Debt-Ridden Father Guilty Of Trying To Kill Girl -- He Threw Daughter Into Truck's Path - Twice

WILLIAMSPORT, Pa. - Faced with $55,000 in credit-card bills and the end of a comfortable lifestyle, David Crist decided the answer was to throw his 9-year-old deaf daughter in front of a truck.

Diane Crist was hit twice but did not die, and her father's scheme to cash in on her $200,000 life-insurance policy in 1993 ended with his conviction yesterday for attempted murder.

"He drove a Lincoln Town Car. He liked to go out all the time. He often disappeared for days at a time," said prosecutor Kenneth Osokow in closing arguments. "He wanted to keep himself in this same lifestyle; he didn't want to go backward."

Diane was not Crist's only victim, investigators say.

The 38-year-old father of four is charged with trying to electrocute his 4-year-old daughter for her insurance money and hiring someone to kill his only brother for an inheritance.

Authorities also reopened investigations into the deaths of his father in 1968, his mother's fiance in 1976 and his mother in 1981, although no charges have been filed.

"Justice was a little delayed, but justice was served," said Thomas Marino, another prosecutor. "Mr. Crist will stay behind bars where he belongs."

Prosecutors said Crist was so deeply in debt that he concocted a scheme to fake a flat tire on a rural road, then push his daughter in front of a pickup truck driven by an accomplice, a woman who testified he offered to pay her $5,000.
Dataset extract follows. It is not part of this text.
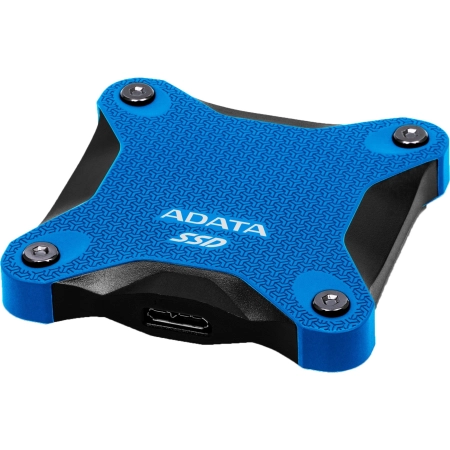 ADATA 2TB external SSD Durable SD620 Blue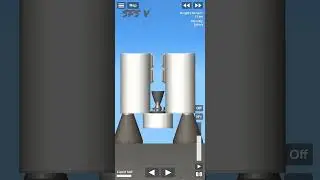 Kolibri engine can gimbal in SFS 1.4! | SFS V |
Jurors sat riveted last week as Diane, now 13, testified through a sign-language interpreter that her father twice threw her onto a road to be hit by a truck.

"When I got up I was limping and I said, `Daddy, help me.' But he came over, picked me up and threw me back down on the road!"
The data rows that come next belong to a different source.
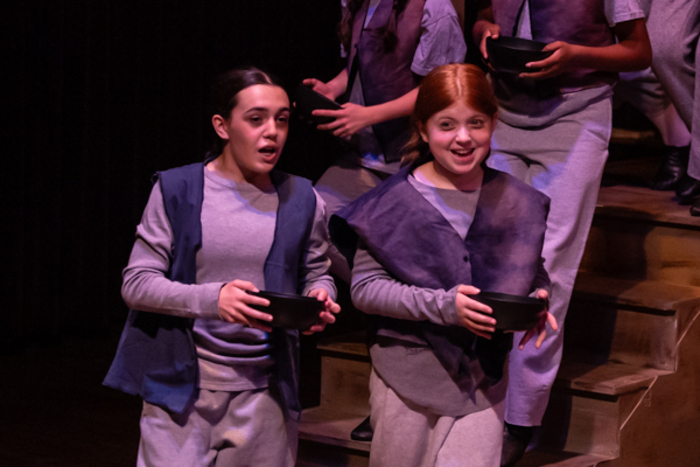 Photos: First look at New Albany Middle School Theatre's OLIVER JR Image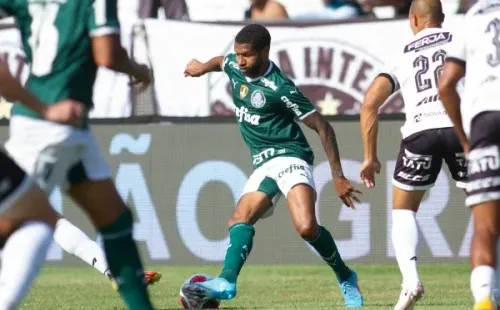 Diogo Reis/AGIF – Wesley duarante o duelo contra a Inter de Limeira pelo Paulistão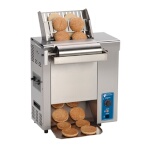 Antunes VCT-1000-9210719 - Vertical Contact Toaster with two-sided platen, 15 sec. pass thru, (3) release sheets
The woman who drove the truck, Lisa Cohick, 31, said she swerved at the last minute both times to avoid a more direct hit. Cohick, who was not charged, said Crist threatened to harm her children if she didn't cooperate.
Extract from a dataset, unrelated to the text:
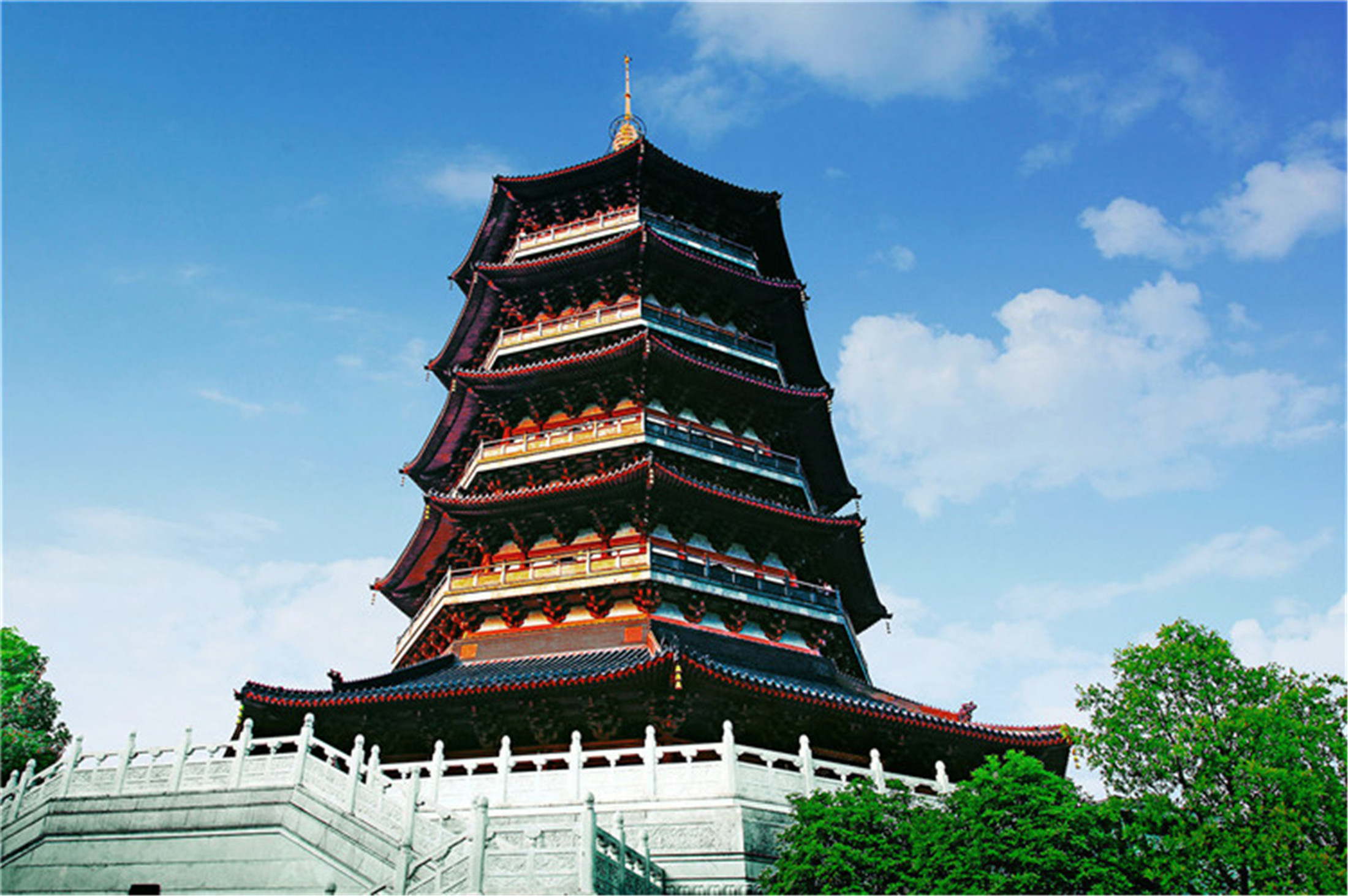 简谱雷峰塔_雷峰塔简笔画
Diane's right ankle was broken, her face, knee and thigh were scraped, and her side was bruised.

Defense lawyer William Miele had called it "a run-of-the-mill accident."

Crist was not prosecuted right away because the girl did not come forward until 1995.

"Children often don't tell things for many years. That's because they're stuck with their parents," Osokow said. "What was she going to do?"

Crist faces up to 30 years in prison when he is sentenced Jan. 21.